*** Opening Record excerpts ***

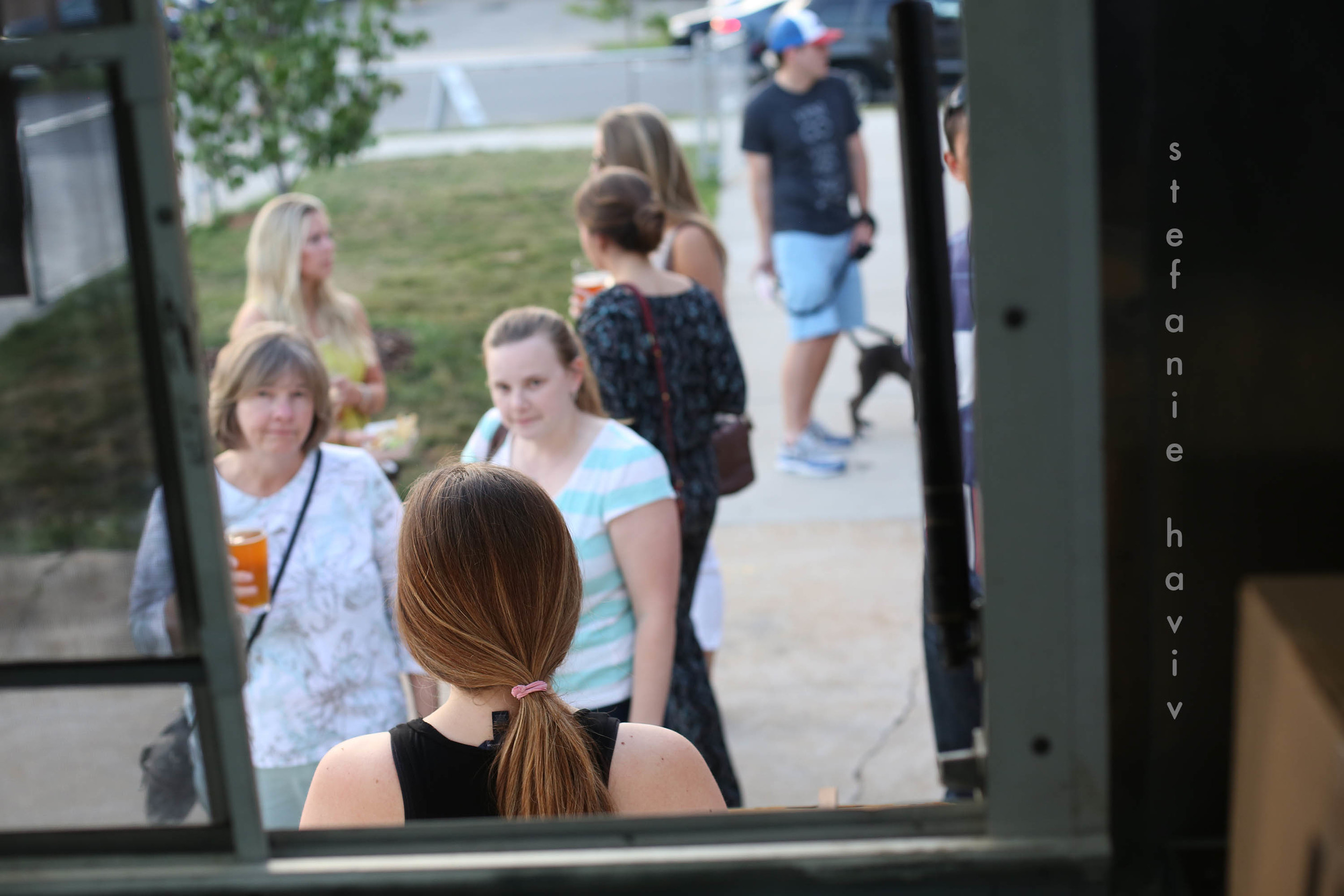 a line forming, beer in hand
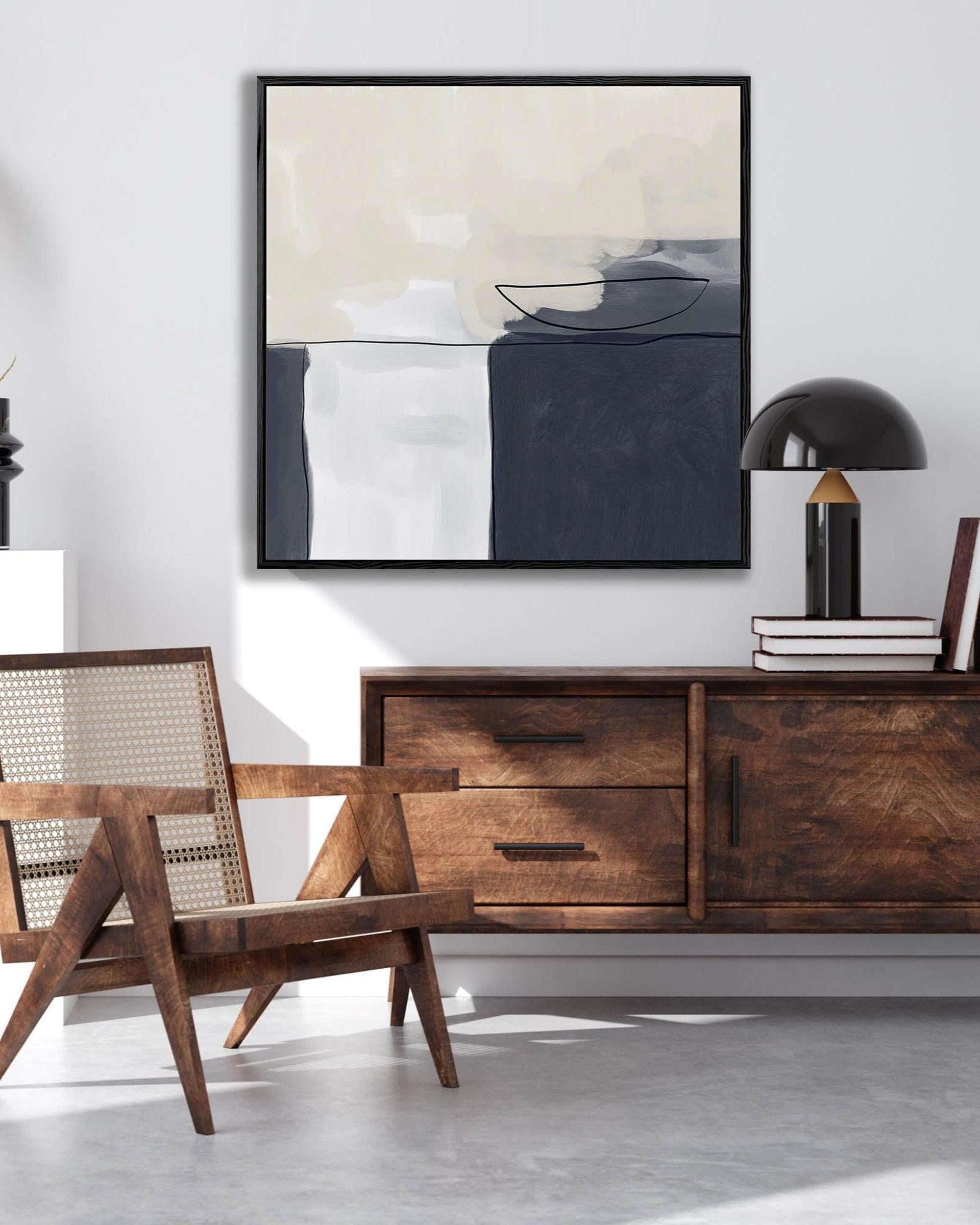 Modern living room with wooden furniture, abstract art, and a chair.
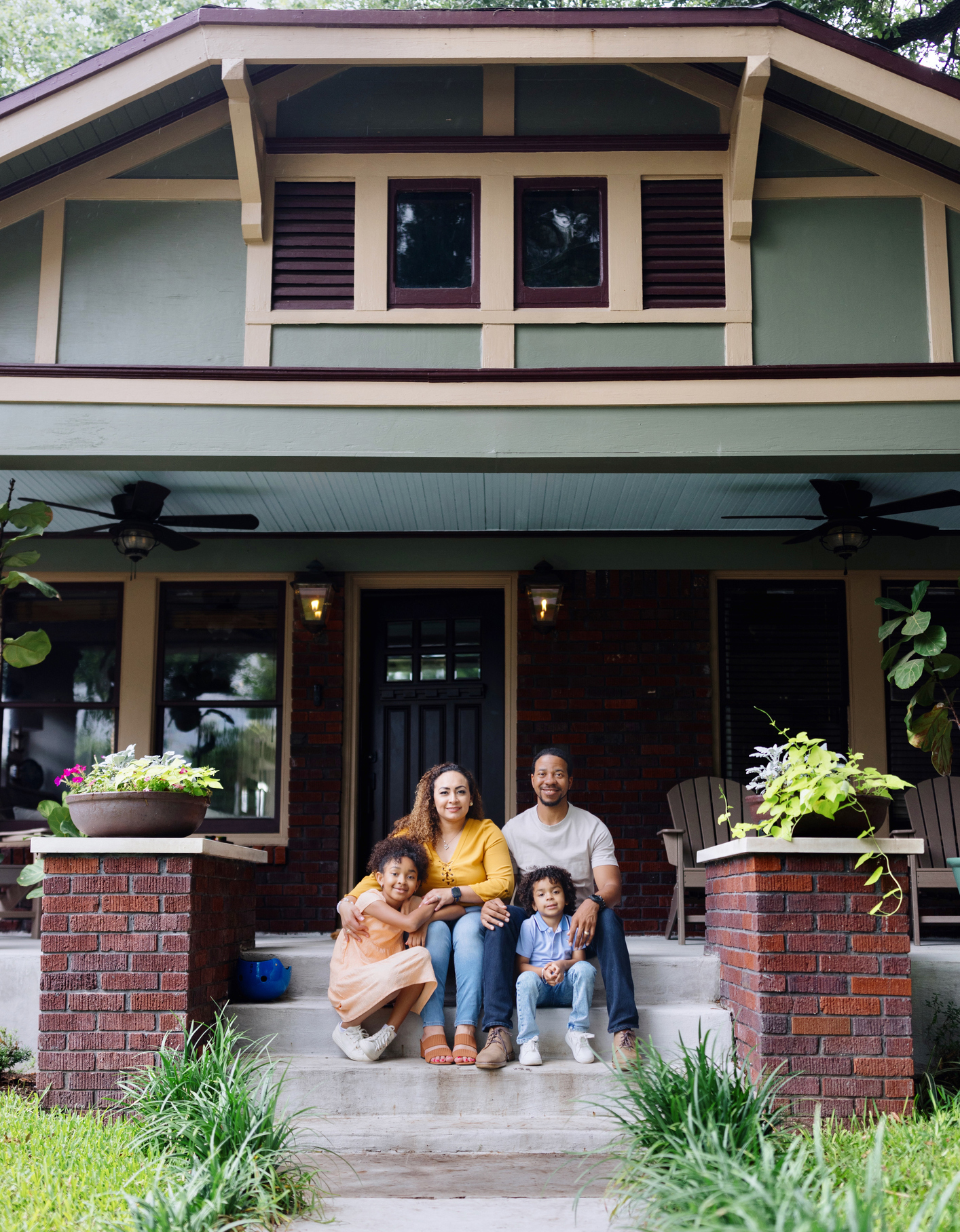 Portrait of a family with two children sitting in front of the house
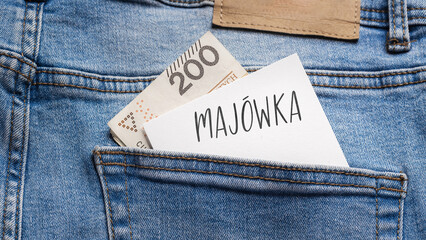 White card with a handwritten inscription "MAJ&Oacute;WKA", put into the pocket of blue pants jeasnow, next to Polish banknotes PLN (selective focus), translation: MAY DAY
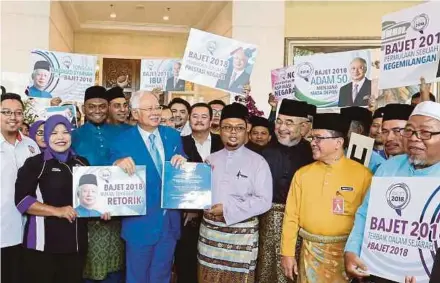  ?? AHMAD IRHAM MOHD NOOR
PIC BY ?? Prime Minister Datuk Seri Najib Razak receiving the memorandum in support of the 2018 Budget from Federation of Malay Students Union president Zambri Mohd Isa (centre) in Putrajaya yesterday.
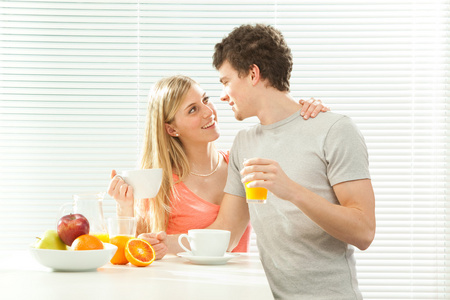 休闲对年轻夫妇有早餐咖啡和水果，百叶帘窗口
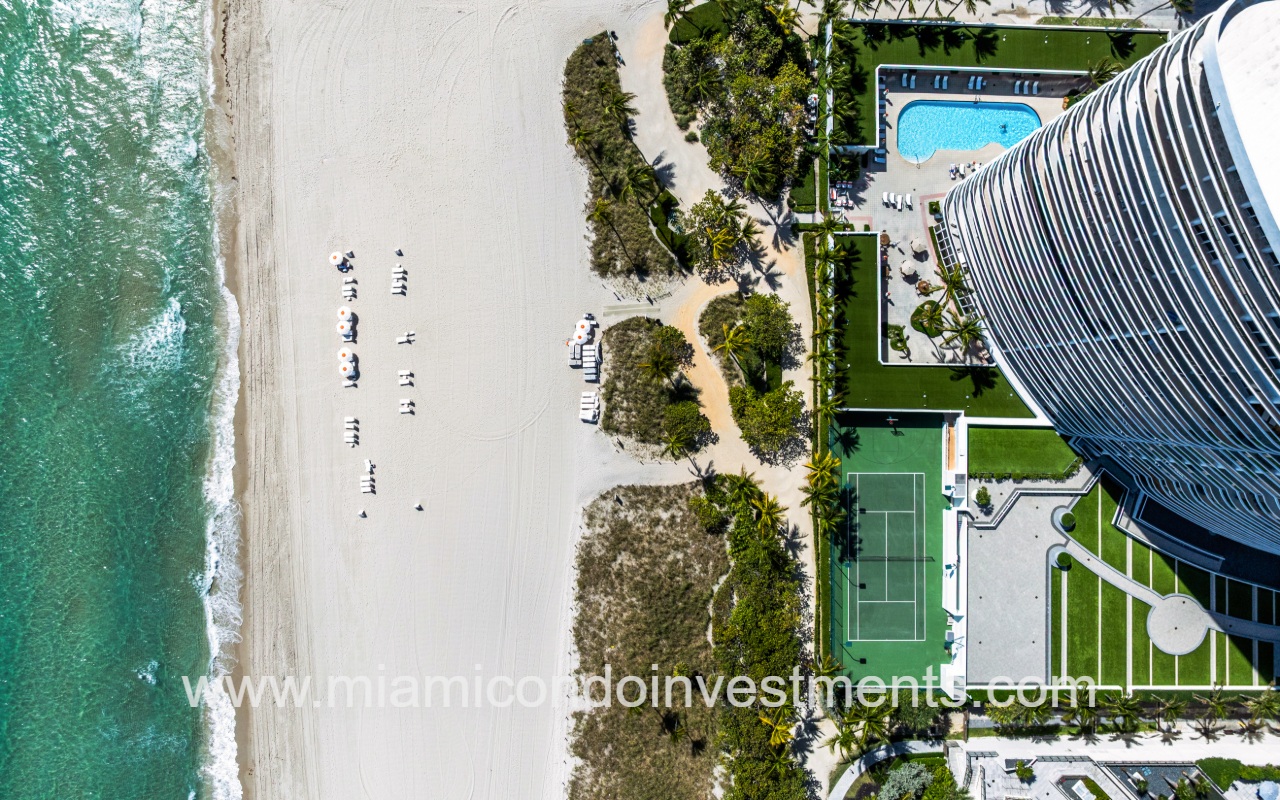 Majestic Tower top down view of condo building amenities and beach shoreline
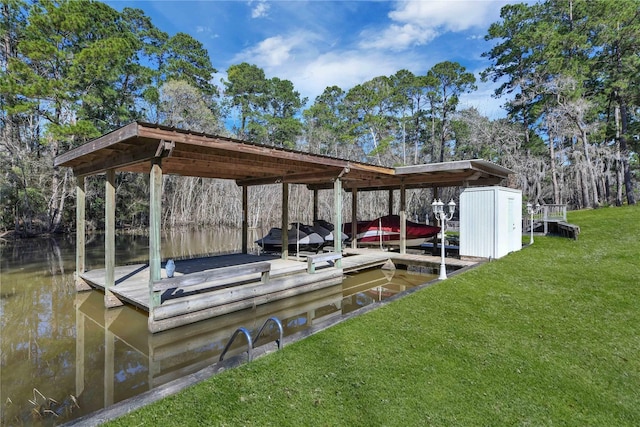 dock area featuring a yard and a water view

*** Closing Record excerpts ***

**Required work:** Print the lines from the beginning of the records up to and including the line containing "PIC BY ?? Prime", word for word, with no pictures.

**Answer to this task:**
 a line forming, beer in hand
 Modern living room with wooden furniture, abstract art, and a chair.
 Portrait of a family with two children sitting in front of the house
 White card with a handwritten inscription "MAJ&Oacute;WKA", put into the pocket of blue pants jeasnow, next to Polish banknotes PLN (selective focus), translation: MAY DAY
  ?? AHMAD IRHAM MOHD NOOR
PIC BY ?? Prime Minister Datuk Seri Najib Razak receiving the memorandum in support of the 2018 Budget from Federation of Malay Students Union president Zambri Mohd Isa (centre) in Putrajaya yesterday.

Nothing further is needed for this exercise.